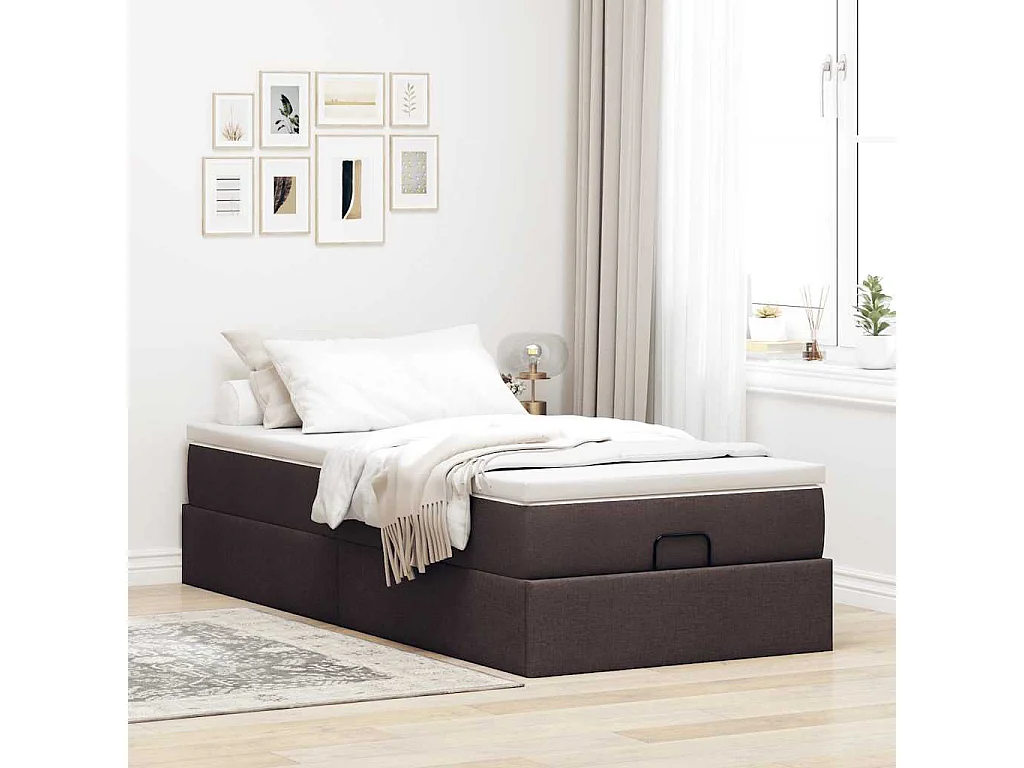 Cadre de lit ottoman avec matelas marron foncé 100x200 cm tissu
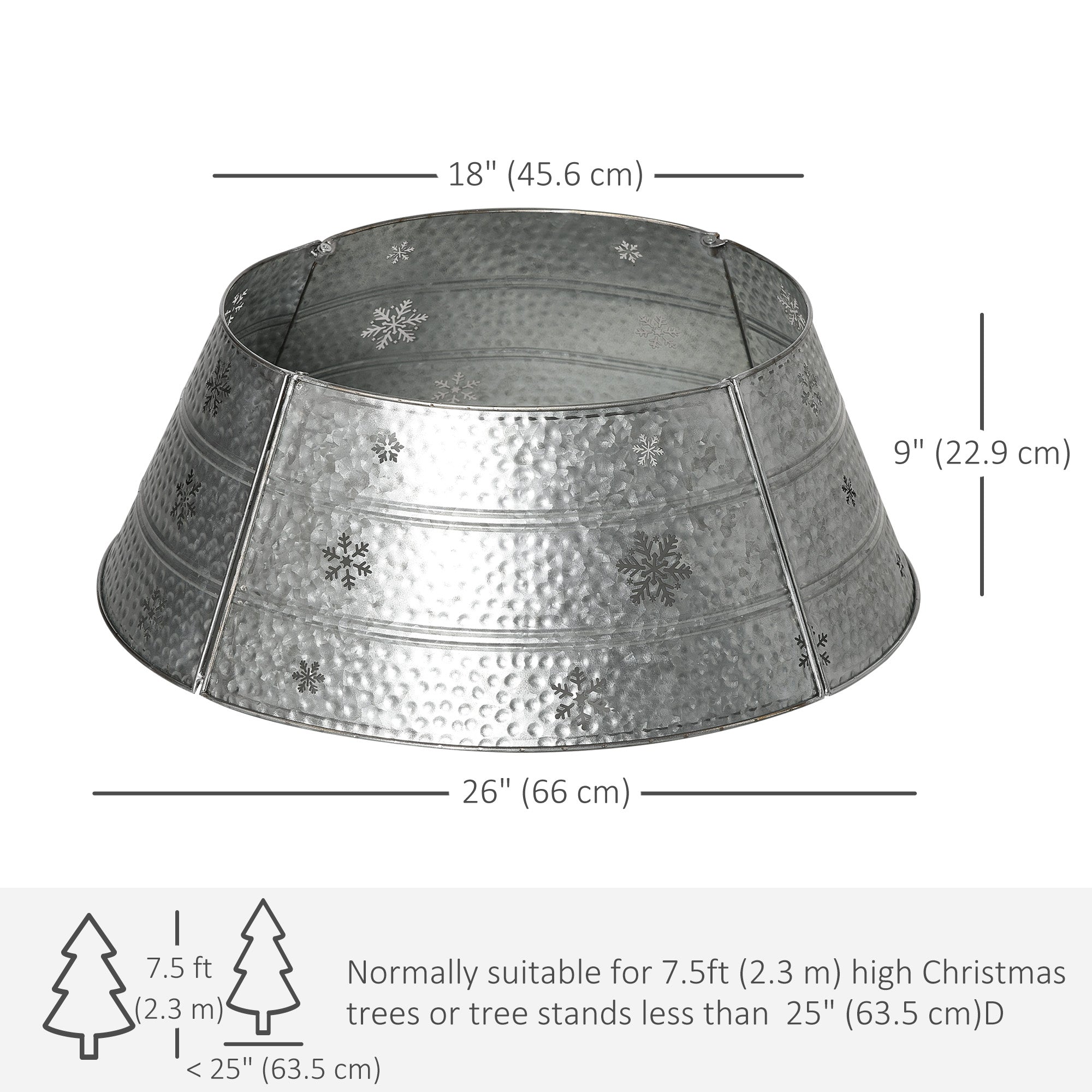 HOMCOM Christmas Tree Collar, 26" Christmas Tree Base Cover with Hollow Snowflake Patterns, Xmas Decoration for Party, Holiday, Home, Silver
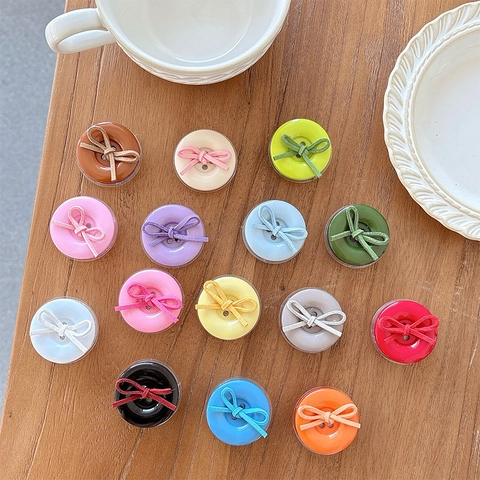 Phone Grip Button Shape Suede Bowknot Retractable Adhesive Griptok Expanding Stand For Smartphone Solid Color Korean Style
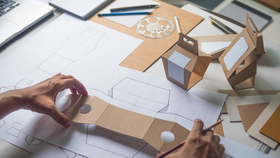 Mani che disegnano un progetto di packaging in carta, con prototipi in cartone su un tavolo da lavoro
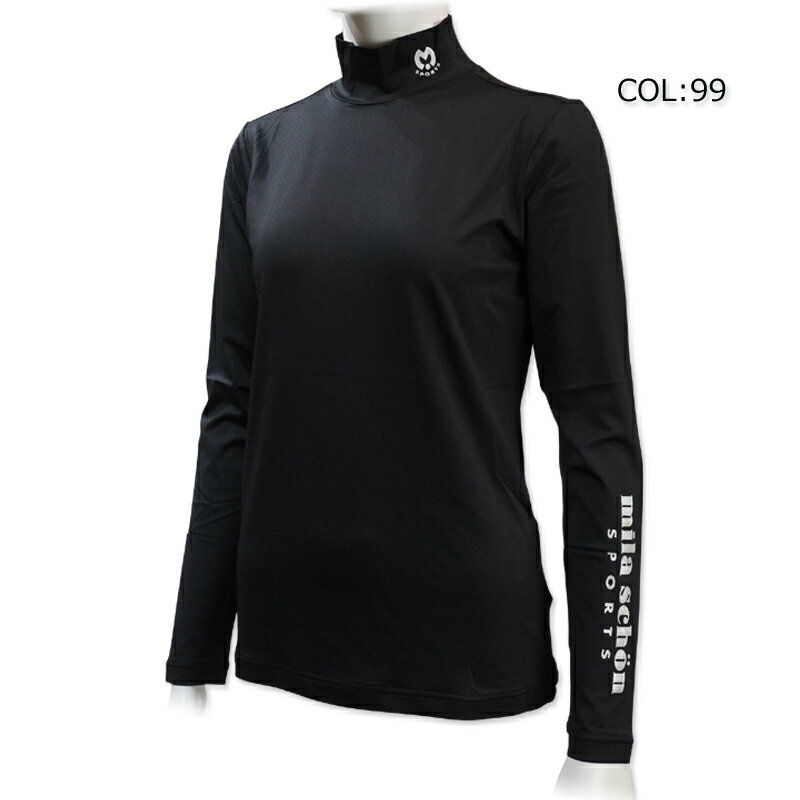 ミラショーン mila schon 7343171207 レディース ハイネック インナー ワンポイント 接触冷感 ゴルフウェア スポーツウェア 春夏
◆ ◆ ◆ ◆
* _TASK ITEM_: Output every record verbatim, excluding any picture it contains.

* _RESPONSE TO THIS EXERCISE_:
 Cadre de lit ottoman avec matelas marron foncé 100x200 cm tissu
 HOMCOM Christmas Tree Collar, 26" Christmas Tree Base Cover with Hollow Snowflake Patterns, Xmas Decoration for Party, Holiday, Home, Silver
 Phone Grip Button Shape Suede Bowknot Retractable Adhesive Griptok Expanding Stand For Smartphone Solid Color Korean Style
 Mani che disegnano un progetto di packaging in carta, con prototipi in cartone su un tavolo da lavoro
 ミラショーン mila schon 7343171207 レディース ハイネック インナー ワンポイント 接触冷感 ゴルフウェア スポーツウェア 春夏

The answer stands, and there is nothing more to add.